Libraries Respond to Community Needs in Times of Crisis
Baltimore, Ferguson just two recent examples of libraries offering refuge
A patron stopped
librarian Melanie Townsend Diggs on Wednesday afternoon with good news:
He had used a library computer to apply for some jobs Tuesday morning,
and before he even got home that day, he had gotten a call for an
interview.
A pretty typical moment for most librarians, Diggs says, except that
Tuesday morning, April 28, was no typical day. Just 12 hours before,
rioting had erupted across the street from the Pennsylvania Avenue
branch of the Enoch Pratt Free Library, when protests against the
high-profile death of Baltimore resident Freddie Gray turned violent. As
a CVS drugstore burned and the turmoil played out, Diggs kept her
patrons safe, quietly locking the doors and letting them out later when
the violence subsided.
That night, she had a conference call with the library’s CEO, Carla Hayden, and Diggs told Hayden, a former ALA president, she wanted her branch to stay open, despite what happened.
“I just knew in my heart that we needed to be open, knowing what the
library means to the community. I just felt like we needed to be here,”
says Diggs. “Had we not been open, that man would not have been able to
put those job applications online and receive such a welcoming phone
call. He’s one step closer.”
The decision to stay open despite the threat of continued violence
has attracted praise, donations, and support, both nationally and
internationally, but Diggs insists it wasn’t an act of heroism.
“This is our life every day. We are public servants every day. At the
end of the day, what happened on Monday [during the height of the
unrest] was service oriented,” says Diggs. “We were giving the best
service to our customers and our community that we can give. We do that
every day.”
Ferguson Public Library
Ferguson (Mo.) Public Library director Scott Bonner understands why
Diggs wanted to stay open. As Ferguson raged with protests over the
August 9, 2014, shooting death of Michael Brown by a police officer,
Bonner had a policy: If it’s safe to open, he would open.
“I didn’t treat it lightly,” he says. “I was up to the wee hours
every night, watching the Twitter feeds, watching the news. It just
turned out that every day it was safe. If you believe in serving people,
and it’s safe to be open, why wouldn’t you be open?”

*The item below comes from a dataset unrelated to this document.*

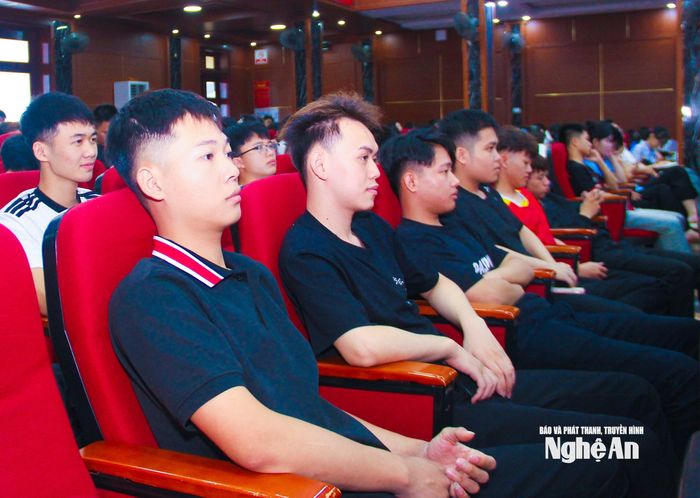 Sinh viên các trường đại học tham gia hội thảo. Ảnh: Mai Hoa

Not only did the Ferguson library remain open,
but while school was closed for a week, Bonner invited kids to come to
the library, hosting more than 200 children and dozens of teachers,
eventually overflowing to a church up the street. The library has helped
local businesses get aid from the state, hosted listening sessions for
the community, and has seen membership in its Readings on Race book club
increase.
We are public servants every day. [During the height of the unrest] we were giving the best service to our customers and our community that we can give. We do that every day.—Melanie Townsend Diggs, branch manager, Enoch Pratt Free Library
Bonner’s decision to stay open through the Ferguson crisis also
garnered accolades and donations, but it had one other positive effect:
solidifying the library as the community’s center.
“The library is busier every day than anyone [can] remember it
being,” Bonner says. “Prime time after school, the library is
standing-room only. I think on a larger scale, people know that we’re
here and appreciate what we’re doing more.”
Receiving such attention has been complex for Bonner, who admits he
feels guilty for receiving praise for doing what he feels is his job.
“In the end, they’re giving me all the awards for showing up, and
that’s what I’m supposed to do—show up,” he says. “It’s not about me;
it’s about libraries. If you think I did a good job, that’s because that
you think libraries do a good job. If you are amazed that we did that,
it probably tells me that you haven’t gone to a library lately.”
A safe haven
And libraries do have a long history of serving communities in times
of crisis, says Wayne Wiegand, Florida State University LIS professor
and author of the forthcoming Part of Our Lives: A People’s History of the American Public Library (Oxford University Press, 2015).
“I think you can fairly well say, historically, that [Bonner and
Diggs] are doing things that are in the spirit of librarians and public
libraries,” says Wiegand. “Generally as a profession, librarians bring
that sense of humanity into their job. That’s what librarians have been
doing since the Boston Public Library opened in 1854.”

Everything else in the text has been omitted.